Ammiro molto le madri che con fiuto e sicurezza sanno individuare i talenti dei propri figli, e coltivarli con determinazione. Corsi di musica, lingua, sport. Già vedo medaglie e titoli accademici che stanno per piovere sui loro virgulti.
Io nei miei figli individuo talenti meravigliosi, con i quali però difficilmente potranno assurgere ad onori mondani.
Purtroppo la capacità di spargere a terra, prima della doccia, capi di abbigliamento sporchi nel raggio di azione più ampio non è stata ancora omologata come specialità olimpica.
Una bambina riesce a rompere praticamente qualsiasi oggetto le capiti a tiro, ma anche per questa suprema qualità non vedo un’utilizzazione pratica immediata.
Sua sorella ha un grande senso dell’umorismo, e ci ribaltiamo insieme dalle risate anche se ha 4 anni (o lei è avanti o io sono indietro).
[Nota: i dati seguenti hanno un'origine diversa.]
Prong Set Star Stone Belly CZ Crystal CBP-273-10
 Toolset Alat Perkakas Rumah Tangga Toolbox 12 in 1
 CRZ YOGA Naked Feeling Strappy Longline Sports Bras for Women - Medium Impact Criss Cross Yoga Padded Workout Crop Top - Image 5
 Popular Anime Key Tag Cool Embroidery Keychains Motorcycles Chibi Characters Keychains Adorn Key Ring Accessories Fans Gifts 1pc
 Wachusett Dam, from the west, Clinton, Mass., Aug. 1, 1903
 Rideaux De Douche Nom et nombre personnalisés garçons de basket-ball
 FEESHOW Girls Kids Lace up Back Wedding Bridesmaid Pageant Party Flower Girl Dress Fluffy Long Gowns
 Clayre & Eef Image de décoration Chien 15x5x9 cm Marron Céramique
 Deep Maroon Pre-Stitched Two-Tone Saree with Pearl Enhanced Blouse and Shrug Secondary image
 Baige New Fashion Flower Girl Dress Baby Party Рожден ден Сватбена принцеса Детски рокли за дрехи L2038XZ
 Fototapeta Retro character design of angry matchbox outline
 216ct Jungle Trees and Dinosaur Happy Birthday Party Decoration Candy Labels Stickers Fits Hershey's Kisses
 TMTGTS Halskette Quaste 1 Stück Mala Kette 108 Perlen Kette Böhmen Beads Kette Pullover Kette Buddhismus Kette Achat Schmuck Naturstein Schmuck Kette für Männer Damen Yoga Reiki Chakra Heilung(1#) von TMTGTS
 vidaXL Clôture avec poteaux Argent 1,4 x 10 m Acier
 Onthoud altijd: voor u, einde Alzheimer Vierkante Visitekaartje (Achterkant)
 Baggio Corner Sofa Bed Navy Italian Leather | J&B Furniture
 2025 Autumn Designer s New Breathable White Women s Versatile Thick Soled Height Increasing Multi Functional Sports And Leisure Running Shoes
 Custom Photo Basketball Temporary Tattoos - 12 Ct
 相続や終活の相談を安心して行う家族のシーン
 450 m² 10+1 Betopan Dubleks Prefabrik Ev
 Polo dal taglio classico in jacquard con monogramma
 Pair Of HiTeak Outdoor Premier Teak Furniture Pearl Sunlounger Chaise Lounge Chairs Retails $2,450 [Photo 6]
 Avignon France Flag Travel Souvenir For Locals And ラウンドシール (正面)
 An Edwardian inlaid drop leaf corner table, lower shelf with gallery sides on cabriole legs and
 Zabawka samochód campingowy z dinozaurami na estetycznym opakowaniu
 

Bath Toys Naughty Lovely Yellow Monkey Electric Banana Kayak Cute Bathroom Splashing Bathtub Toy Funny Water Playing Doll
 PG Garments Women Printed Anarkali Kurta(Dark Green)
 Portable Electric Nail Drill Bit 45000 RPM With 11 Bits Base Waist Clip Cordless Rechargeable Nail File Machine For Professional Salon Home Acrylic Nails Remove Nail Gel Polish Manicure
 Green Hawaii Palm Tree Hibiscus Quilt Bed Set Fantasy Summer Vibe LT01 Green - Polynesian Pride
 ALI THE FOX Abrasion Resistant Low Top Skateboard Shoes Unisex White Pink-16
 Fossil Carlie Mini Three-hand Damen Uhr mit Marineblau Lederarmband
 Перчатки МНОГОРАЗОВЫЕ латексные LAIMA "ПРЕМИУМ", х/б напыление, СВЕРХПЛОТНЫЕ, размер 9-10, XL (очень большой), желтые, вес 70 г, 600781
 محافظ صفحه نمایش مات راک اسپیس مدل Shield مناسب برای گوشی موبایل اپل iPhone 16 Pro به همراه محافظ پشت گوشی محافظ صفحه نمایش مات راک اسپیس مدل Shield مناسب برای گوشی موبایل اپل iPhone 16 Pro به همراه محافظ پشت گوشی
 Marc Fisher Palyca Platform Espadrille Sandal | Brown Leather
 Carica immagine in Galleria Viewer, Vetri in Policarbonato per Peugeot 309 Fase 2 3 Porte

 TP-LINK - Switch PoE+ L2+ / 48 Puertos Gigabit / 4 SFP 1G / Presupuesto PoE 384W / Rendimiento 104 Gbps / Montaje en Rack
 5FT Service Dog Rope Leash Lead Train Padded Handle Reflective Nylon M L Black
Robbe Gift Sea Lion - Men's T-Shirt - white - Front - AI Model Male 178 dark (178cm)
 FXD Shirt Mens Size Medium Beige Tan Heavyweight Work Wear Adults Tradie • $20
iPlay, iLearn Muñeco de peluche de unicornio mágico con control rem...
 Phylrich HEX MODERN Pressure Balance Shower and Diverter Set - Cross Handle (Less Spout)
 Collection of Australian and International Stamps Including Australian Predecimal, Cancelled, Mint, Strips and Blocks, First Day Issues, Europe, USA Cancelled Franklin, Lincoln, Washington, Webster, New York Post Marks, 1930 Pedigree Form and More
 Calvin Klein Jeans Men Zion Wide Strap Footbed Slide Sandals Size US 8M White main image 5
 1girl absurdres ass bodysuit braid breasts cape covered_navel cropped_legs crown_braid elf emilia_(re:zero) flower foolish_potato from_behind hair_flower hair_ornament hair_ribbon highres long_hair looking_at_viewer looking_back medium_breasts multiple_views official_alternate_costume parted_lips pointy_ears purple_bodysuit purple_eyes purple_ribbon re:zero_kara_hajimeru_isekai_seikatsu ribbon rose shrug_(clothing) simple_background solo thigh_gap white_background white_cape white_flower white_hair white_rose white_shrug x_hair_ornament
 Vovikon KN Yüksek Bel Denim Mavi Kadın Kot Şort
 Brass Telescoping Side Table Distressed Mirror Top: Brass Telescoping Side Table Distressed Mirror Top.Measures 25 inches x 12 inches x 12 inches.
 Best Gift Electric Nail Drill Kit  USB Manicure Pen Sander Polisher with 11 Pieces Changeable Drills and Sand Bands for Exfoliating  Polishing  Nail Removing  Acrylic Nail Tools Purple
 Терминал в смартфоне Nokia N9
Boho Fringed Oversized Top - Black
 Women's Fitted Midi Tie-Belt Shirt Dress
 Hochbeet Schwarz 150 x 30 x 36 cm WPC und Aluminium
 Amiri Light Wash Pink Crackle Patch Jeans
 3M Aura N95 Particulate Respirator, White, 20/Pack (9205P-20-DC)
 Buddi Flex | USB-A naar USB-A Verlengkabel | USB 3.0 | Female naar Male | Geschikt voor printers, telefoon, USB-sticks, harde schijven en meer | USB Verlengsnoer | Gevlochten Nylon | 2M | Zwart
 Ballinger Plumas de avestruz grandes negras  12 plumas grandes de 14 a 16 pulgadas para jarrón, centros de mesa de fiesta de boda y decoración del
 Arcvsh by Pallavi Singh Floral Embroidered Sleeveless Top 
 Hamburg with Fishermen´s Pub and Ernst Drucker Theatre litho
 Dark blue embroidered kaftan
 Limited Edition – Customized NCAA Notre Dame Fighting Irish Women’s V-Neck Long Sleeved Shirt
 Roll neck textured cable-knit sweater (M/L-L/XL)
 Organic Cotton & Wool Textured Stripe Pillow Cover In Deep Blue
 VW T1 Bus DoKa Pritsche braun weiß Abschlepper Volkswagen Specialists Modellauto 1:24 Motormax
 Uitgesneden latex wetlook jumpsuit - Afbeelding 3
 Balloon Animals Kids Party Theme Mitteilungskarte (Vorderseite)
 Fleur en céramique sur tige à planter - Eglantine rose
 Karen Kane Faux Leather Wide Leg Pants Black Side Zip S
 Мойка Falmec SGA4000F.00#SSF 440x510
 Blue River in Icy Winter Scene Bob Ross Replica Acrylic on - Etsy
Quanto al grande, vuole ritirarsi a vita privata come Salinger. Gli manca solo di scrivere il romanzo del secolo. Per ora ha cominciato la sua biografia: Lo chiamavamo naso a banana. Comincia con il capitolo I miei primi quindici anni. Peccato che ne abbia undici.
In attesa di trovare in loro altri talenti, sono certa che uno dei maschi sia primatista mondiale di laconicità.
Non potendo leggere meravigliosi saggi sociopsicoantropoqualcosa mi sono confrontata con i miei figli in previsione delle Invasioni Barbariche. Questa sì che è professionalità.
E così, mister poche parole ha ribadito il suo pensiero più volte espresso: uomini e donne non hanno niente in comune, salvo che sono esseri viventi. “Dai, sforzati, troviamo qualcosa che ci unisce” “Non posso neanche dirti che uomini e donne hanno tutti e due i capelli – ribadisce convinto il signor testadura – perché molti uomini li perdono.”
Il giovane filosofo è un acuto osservatore, e ha rafforzato le sue convinzioni guardando me e suo padre che preparavamo i bagagli: lui starà due notti a Ginevra, io una a Milano (la prima volta che lascio tutti e quattro i pargoli).
Il padre è partito con un bagaglio delle dimensioni di un cestino dell’asilo.
Io sto riempendo la terza sacca. Vuoi non portarti le scarpe per correre? Vuoi non avere un messale? Vuoi rinunciare a una maschera per capelli, un diario, un blocchetto, un’agenda, due libri, un computer, un vestito per la trasmissione, uno per il viaggio, uno per il giorno dopo, le foto dei figli, due telefoni, la liturgia delle ore?
Qualsiasi cosa accada, io sarò pronta ad affrontarla. Avrò tutto con me. Tranne la lucidità di mio marito.